My brain wasn’t working well on pacing. For some reason my head kept measuring the remaining miles against a target of eleven, not thirteen, and I really had no bearing on what splits related to what finishing times. All I could mentally muster was to count seconds in the bank below an hour-thirty pace, since that’s half of three-hour marathon pace. Knowing I’d hoped to subdue that mark fairly significantly, it was comforting to know that my bank account was growing even in the tough windy miles; still, a little more brainpower could have gone a long way.
Instead, after mile eight’s momentary downwind letup, that brainpower was engaged in scanning for a moving wind block as we turned east and then north for the upwind ride along the white-capped sea. The block I found was moving slower than I’d have wished, but a little back-of-the-envelope cogitation told me I’d be better off slacking the next mile and getting half of it paid for than trying to fight it out solo. My unwitting target caught on quickly to the plan and turned witting, and we traded off air resistance abuse duty till things calmed down by coming ashore through the seawall gates. It was a bit of a Faustian bargain, but well worth it.

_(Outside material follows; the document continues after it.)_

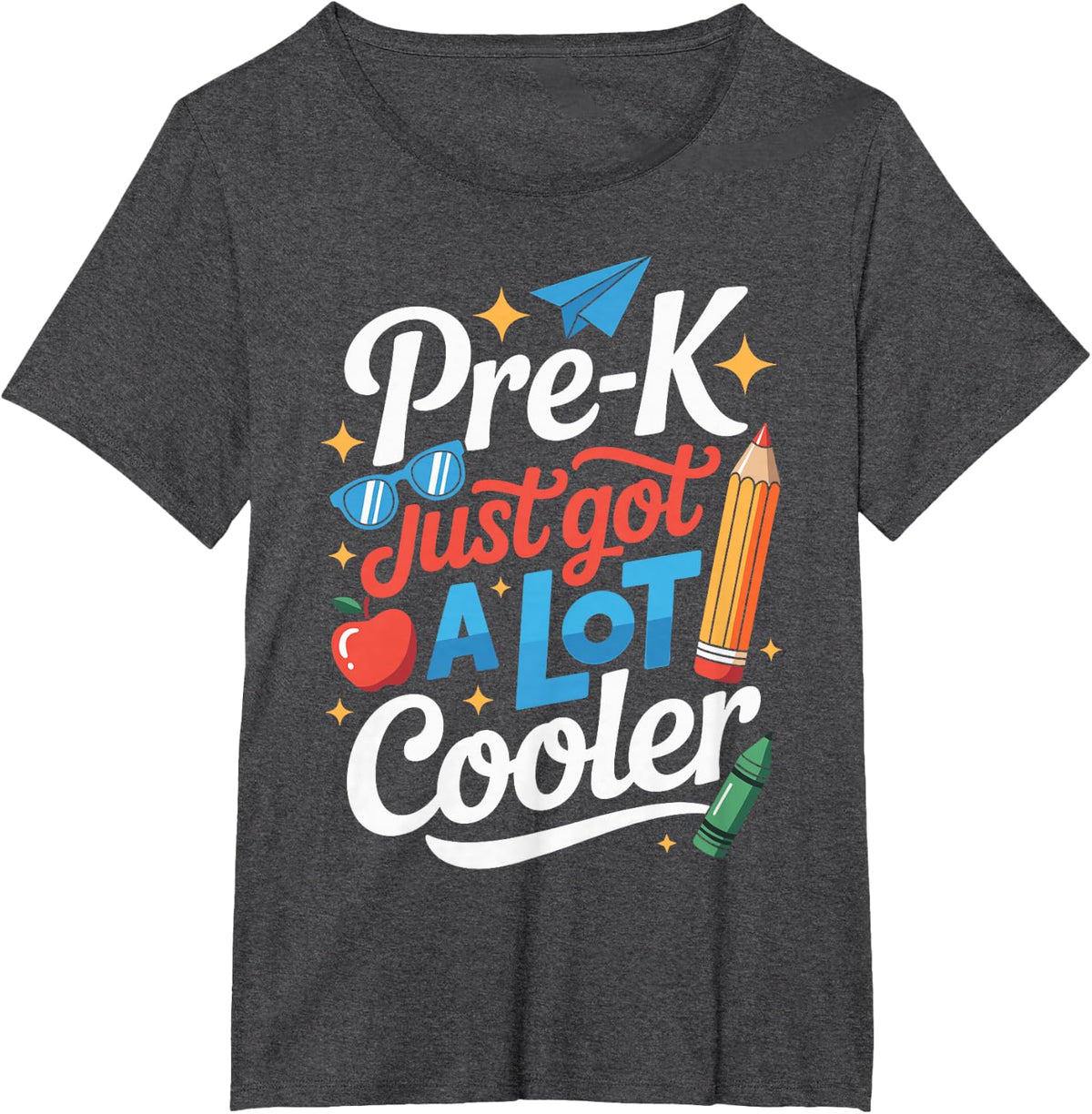 Funny Pre-K Just Got A Lot Cooler T-Shirt - Dark Heather Grey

Rounding a bend, there it was. And? I laughed in its general direction. I offered it no respect. I began shouting – yes, shouting – to tell it, to tell those runners around me, to tell the world that you are not a hill. You are a mere bunny slope. And I proceeded to slay it, dropping my pace down to early race levels, mentally finding the power to drive right though it such that when the last turns arrived just before the finish, my form – at least to me – seemed utterly shot, all energy spent just at the right time (though the professional race photo that I actually paid for just to get a good shot in the new CMS Blue still looked pretty good). No point in leaving it on the course, right?

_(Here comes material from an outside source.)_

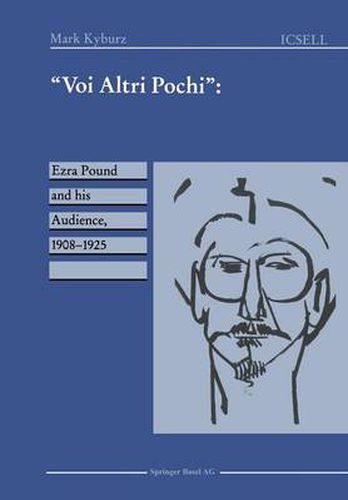 Cover image for Voi Altri Pochi: Ezra Pound and his Audience, 1908-1925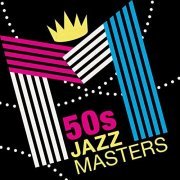 VA - 50s Jazz Masters (2020)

As a team, we didn’t win. We didn’t come close. Fifth place, in fact, and that twelve seconds delay to the start that I’d worried about had no consequence whatsoever. But our fifth would have been at least seventh without my grunting, wheezing roll across the line in a time that, on an age-graded basis, ranked as my best half, and slotted me a solid number two for the Boys in Blue. More importantly for me was the simple fact that we actually had a seniors team, a real-live full scoring team, a team that someone organized and made an effort to fill out. That was, in a word, cool. And motivating.
Follow-Up Department: Yes, the clamshells arrived! Shell Number Six now stands in honor with its compatriots in the cluttered realm that is my office, my lair, and my lonely writer’s garret. Someday I must meet the artist, these things really are nicely done!